### SOURCE DATA
::::::
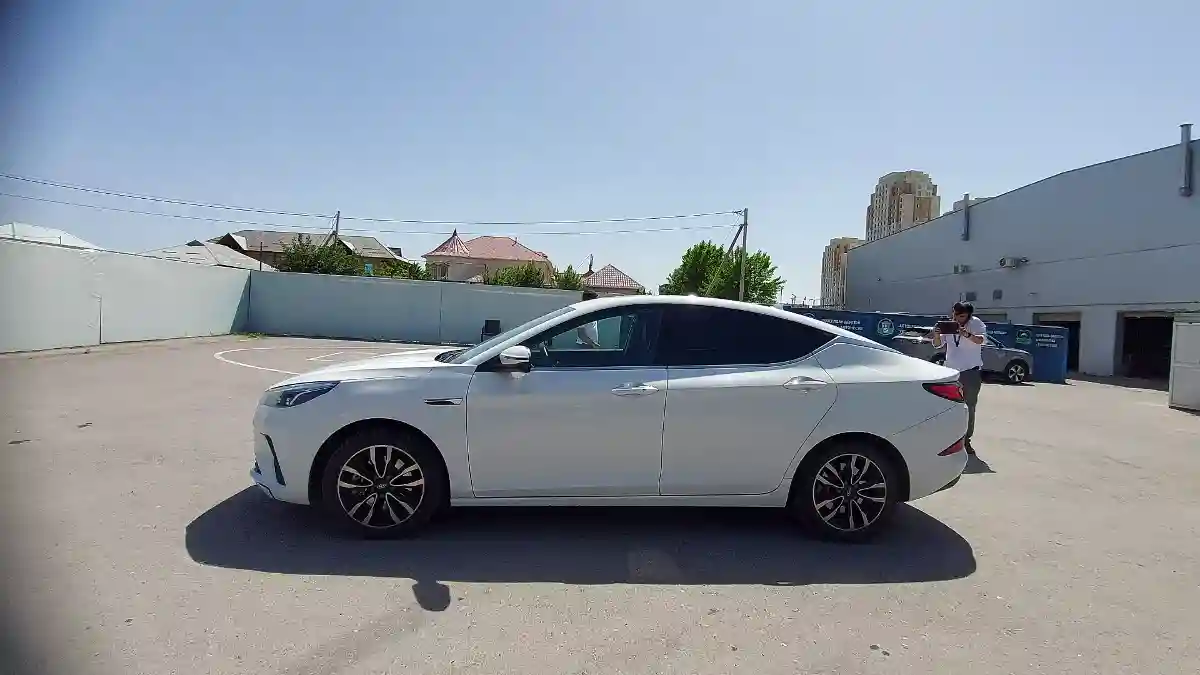 JAC J7 2024 года за 7 500 000 тг. в Шымкент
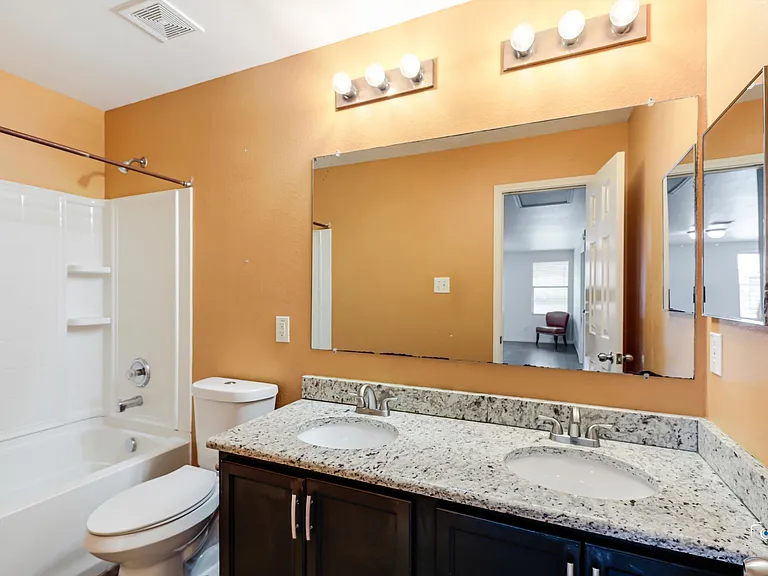 13262 Cleburne Dr — Photo 25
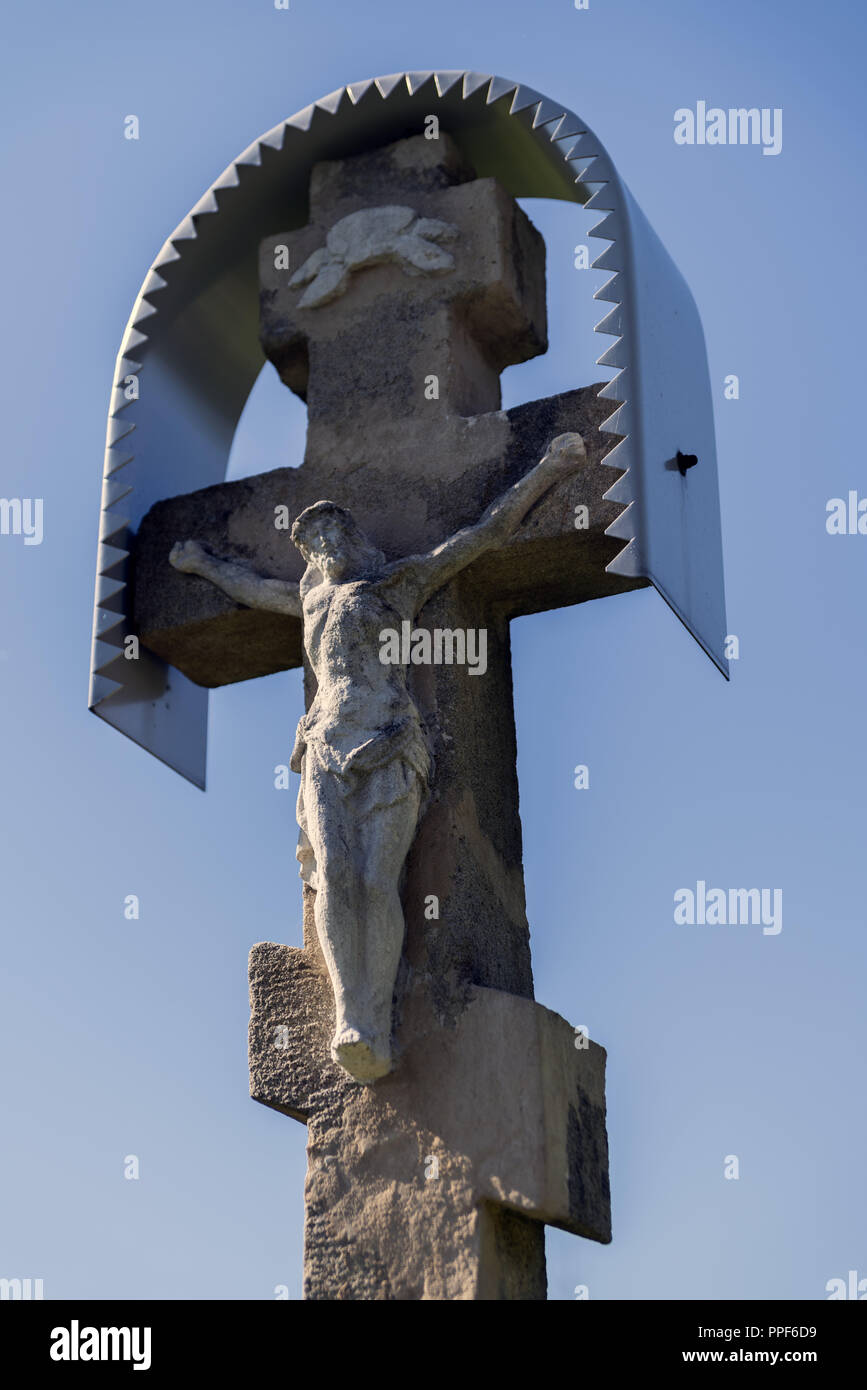 Alte, Zement Kreuz auf dem orthodoxen Friedhof. Ein Zeichen zu widersetzen. Stockfoto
::::::
Return all of the material above unchanged, minus its pictures.

### RESULT OF THE TASK
 JAC J7 2024 года за 7 500 000 тг. в Шымкент
 13262 Cleburne Dr — Photo 25
 Alte, Zement Kreuz auf dem orthodoxen Friedhof. Ein Zeichen zu widersetzen. Stockfoto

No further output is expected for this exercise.